**DIRECTIONS**. The entries below contain a line with "Kevin Yakob vs" and a line with "Alt view image". Retype exactly everything from the first down to the second, both included, and nothing else.

BEGIN DATA UNDER STUDY

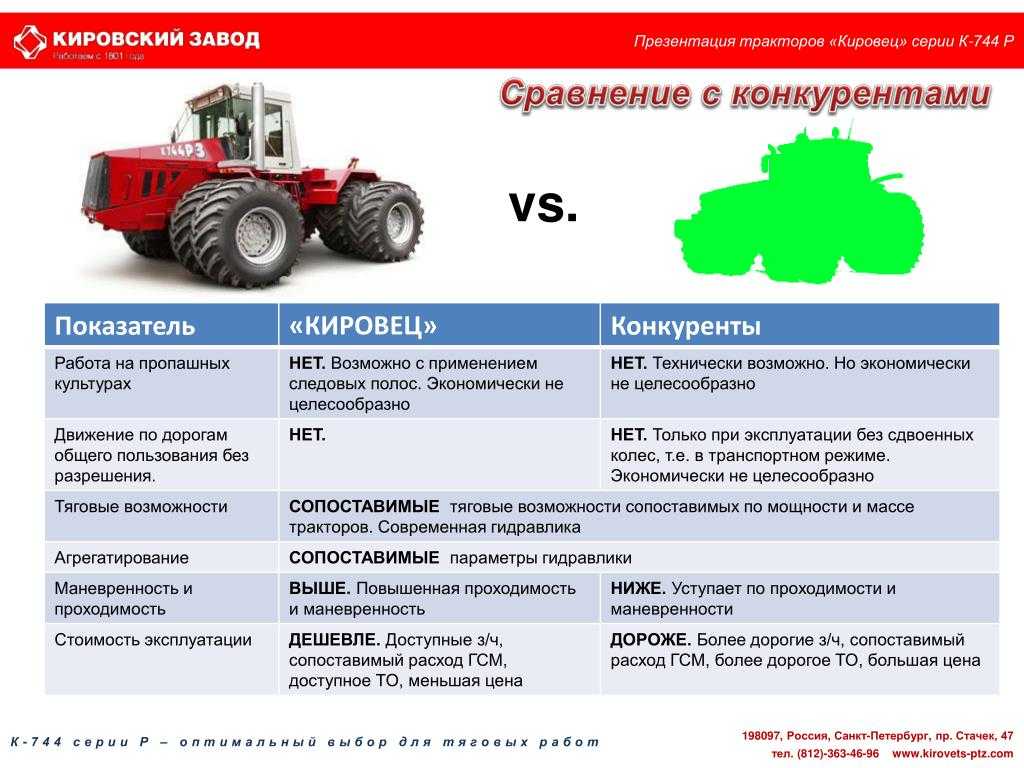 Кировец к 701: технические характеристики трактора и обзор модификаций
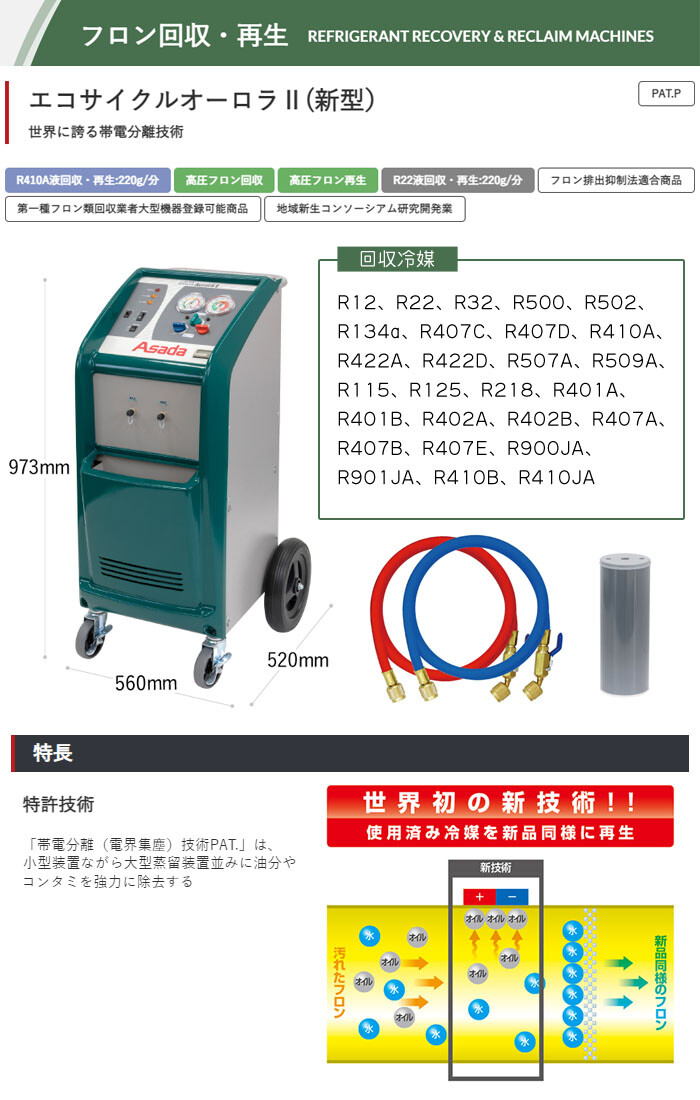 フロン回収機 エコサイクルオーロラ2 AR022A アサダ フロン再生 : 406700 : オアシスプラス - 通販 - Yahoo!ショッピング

END DATA UNDER STUDY
BEGIN DATA UNDER STUDY

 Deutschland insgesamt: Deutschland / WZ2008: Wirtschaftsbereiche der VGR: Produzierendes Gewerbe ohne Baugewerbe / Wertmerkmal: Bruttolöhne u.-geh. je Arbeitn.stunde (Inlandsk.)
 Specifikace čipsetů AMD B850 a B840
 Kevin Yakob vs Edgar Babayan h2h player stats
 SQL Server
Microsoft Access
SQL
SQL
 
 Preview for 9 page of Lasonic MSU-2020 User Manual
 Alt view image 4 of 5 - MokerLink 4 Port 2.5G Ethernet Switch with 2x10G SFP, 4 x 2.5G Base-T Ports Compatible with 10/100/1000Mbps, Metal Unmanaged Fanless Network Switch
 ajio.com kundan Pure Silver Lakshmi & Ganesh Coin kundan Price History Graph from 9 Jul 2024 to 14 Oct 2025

END DATA UNDER STUDY

**RESULT OF THE EXERCISE**.
 Kevin Yakob vs Edgar Babayan h2h player stats
 SQL Server
Microsoft Access
SQL
SQL
 
 Preview for 9 page of Lasonic MSU-2020 User Manual
 Alt view image 4 of 5 - MokerLink 4 Port 2.5G Ethernet Switch with 2x10G SFP, 4 x 2.5G Base-T Ports Compatible with 10/100/1000Mbps, Metal Unmanaged Fanless Network Switch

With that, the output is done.